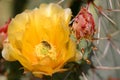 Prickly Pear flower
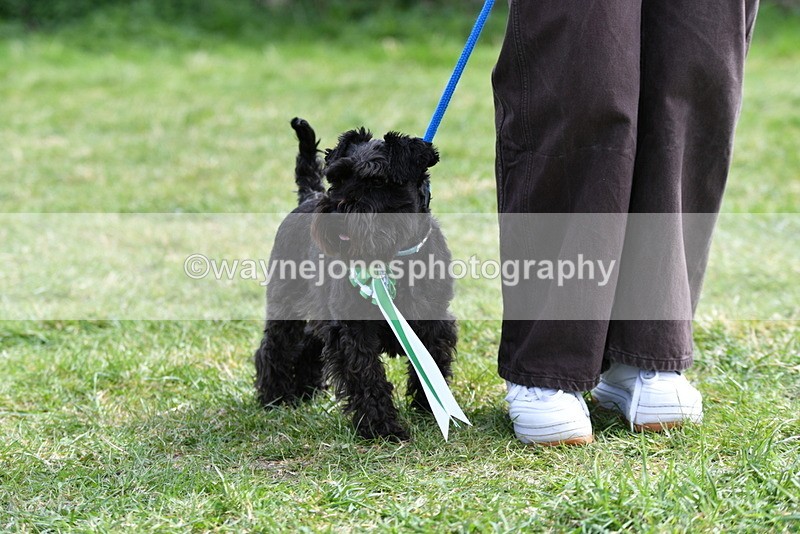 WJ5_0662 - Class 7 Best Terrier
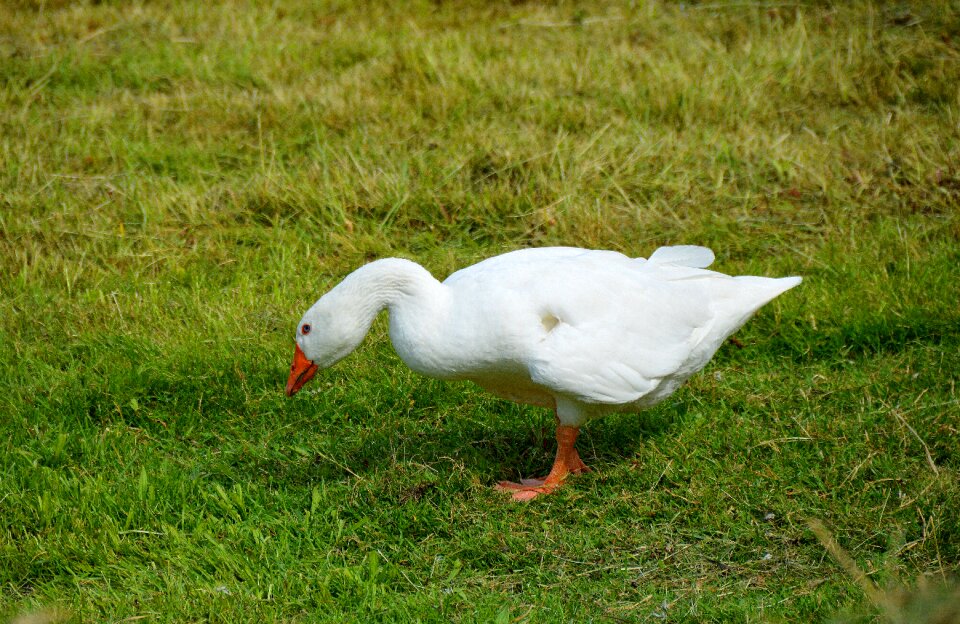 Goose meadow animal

--

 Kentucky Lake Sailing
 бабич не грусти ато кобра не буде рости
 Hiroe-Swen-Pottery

* _ACTIVITY_
Using the records above, restate word for word the lines from the one with "бабич не грусти ато кобра не буде рости" through the one with "Hiroe-Swen-Pottery", both included.

* _WRITTEN SOLUTION_
 бабич не грусти ато кобра не буде рости
 Hiroe-Swen-Pottery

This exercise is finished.